Whether the Photos Constituted Sexual Conduct in a Patently Offensive Manner
{¶ 23} In Newlin, the Ohio Supreme Court noted that the Miller court gave the following two examples of what could constitute sexual conduct:
(a) Patently offensive representations or descriptions of ultimate sexual acts, normal or perverted, actual or simulated.
(b) Patently offensive representations or descriptions of masturbation, excretory functions and lewd exhibition of the genitals.
Newlin at 115–116, 539 N.E.2d 140, citing Miller at 25, 93 S.Ct. 2607.
{¶ 24} Thus, in a prosecution for pandering obscenity, with the Miller test incorporated, the state must prove the following:
(a) The material depicts conduct which is sexual; that is, it depicts vaginal intercourse or any of the other explicit examples expressly set forth in the definition of sexual conduct in section 2907.01(A), or any of the two examples of such conduct described in Miller ;
(b) the sexual conduct depicted is obscene, as that term is expressly defined in section 2907.01(F)(1)–(5) ; and
(c) the material meets the three guidelines of Miller, in that (1) when taken as a whole and applying contemporary community standards, it appeals to the prurient interests of the average person; (2) it depicts or describes, in a patently offensive way, the sexual conduct specifically defined in section 2907.01(A) or the examples of Miller ; and (3) taken as a whole, it lacks serious literary, artistic, political, or scientific value.

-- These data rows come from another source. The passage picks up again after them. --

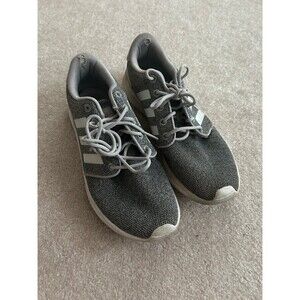 Gray and White Stripe Adidas Running Sneakers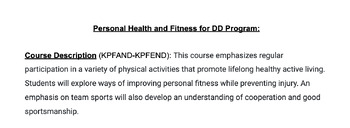 Preview of DD Personal Health and Fitness Unit Plans
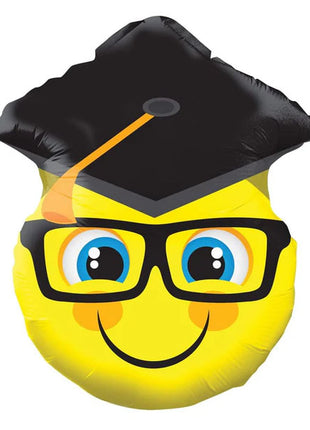 18in ConverUSA Smiley With Grad Cap Balloon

(Emphasis added.) Burgun at 361, 384 N.E.2d 255.
{¶ 25} We agree with Pollock that the photos at issue here do not fall into the definition of "sexual conduct" under R.C. 2907.01(A). But, as the above demonstrates, the two examples mentioned in Miller also constitute sexual conduct.

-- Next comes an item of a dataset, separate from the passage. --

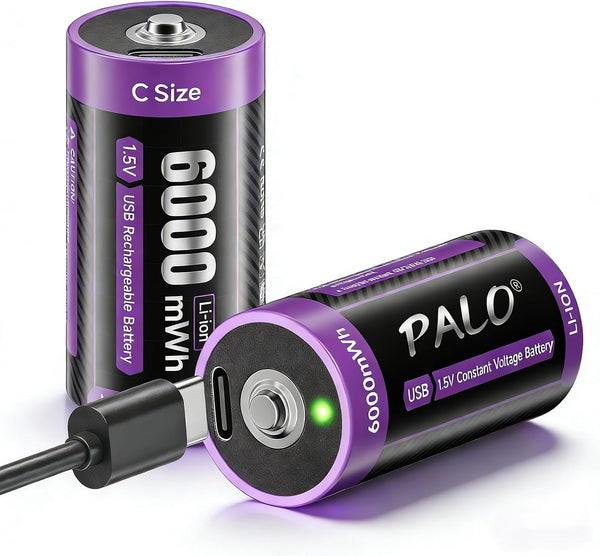 Mspalocell Rechargeable C Lithium Batteries 2 Pack, 1.5V Li-ion 6000 mWh C Cell
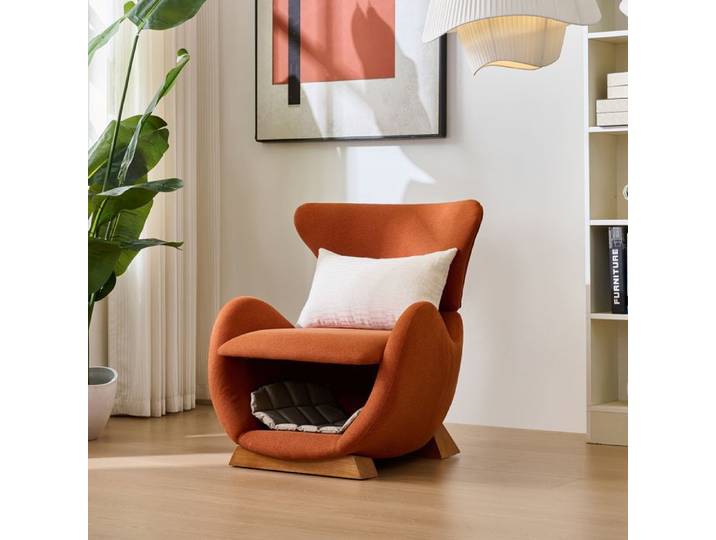 Fauteuil relax - ZEVKOR - Fauteuil relax - Niche intégrée pour chat - Tissu anti-griffes - Structure bois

{¶ 26} The second example could apply here; that is, that the photos Pollock sent to the three women depicted "representations or descriptions of masturbation, * * * and lewd exhibition of the genitals." But we have to consider whether they were "patently offensive." What is "patently offensive" is generally a question of fact. Miller at 30, 93 S.Ct. 2607. Pollock contends that to be "patently offensive" the photos must have depicted "hard core" sexual conduct, which they did not. It has been held, however, that even if the depiction of the sexual conduct is of a "passive nature," as opposed to a "hard core nature" that "does not mean that these [materials] cannot be characterized as obscene under the proper factual circumstances." State v. Brooks, 21 Ohio App.3d 47, 51, 486 N.E.2d 135 (11th Dist.1984).

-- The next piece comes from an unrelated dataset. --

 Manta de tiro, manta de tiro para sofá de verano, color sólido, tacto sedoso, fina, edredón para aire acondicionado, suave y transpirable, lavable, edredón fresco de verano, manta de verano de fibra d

{¶ 27} For example, it has been held that the "lewd display of the genitals in the state of sexual excitement or in the state of nudity could be considered obviously offensive to adults with ordinary sensibilities."Columbus v. Shover, 10th Dist. Franklin No. 78AP–58, 1978 WL 217301, *3 (Dec. 28, 1978).
{¶ 28} We find this case to be a circumstance where the photos were obscene. The women testified that they were "shocked" and "disgusted" by them, and even before Pollock started sending the photos to the women, L.T. told him that she was uncomfortable with his conversations about sex and rebuked him. Further, the photos were sent in emails, either as attachments or in the body of the emails, and contained lewd language and/or sexual innuendo either in the subject lines or the texts of the emails. Moreover, all the emails were sent to the women's work emails at the federal government, a circumstance that makes the photos even more offensive.
{¶ 29} There therefore was sufficient evidence that the photos constituted sexual conduct in a patently offensive way.
Whether the Average Person Applying Contemporary Community Standards Would Find the Photos, Taken as a Whole to Appeal to the Prurient Interest
{¶ 30} For purposes of the Miller test, the average person is "one with average sex instincts." Newlin at 112, 539 N.E.2d 140, citing Volanski v. United States, 246 F.2d 842, 844 (6th Cir.1957). We are not free to impose our own personal standards regarding obscenity and, therefore, it is the role of the jury to "gauge the reaction of the community * * * as if the ‘average person’ viewed the material." State v. Jenkins, 1st Dist. Hamilton No. C–040111, 2004-Ohio-7131, 2004 WL 3015091, ¶ 46, citing Newlin at 113, 539 N.E.2d 140.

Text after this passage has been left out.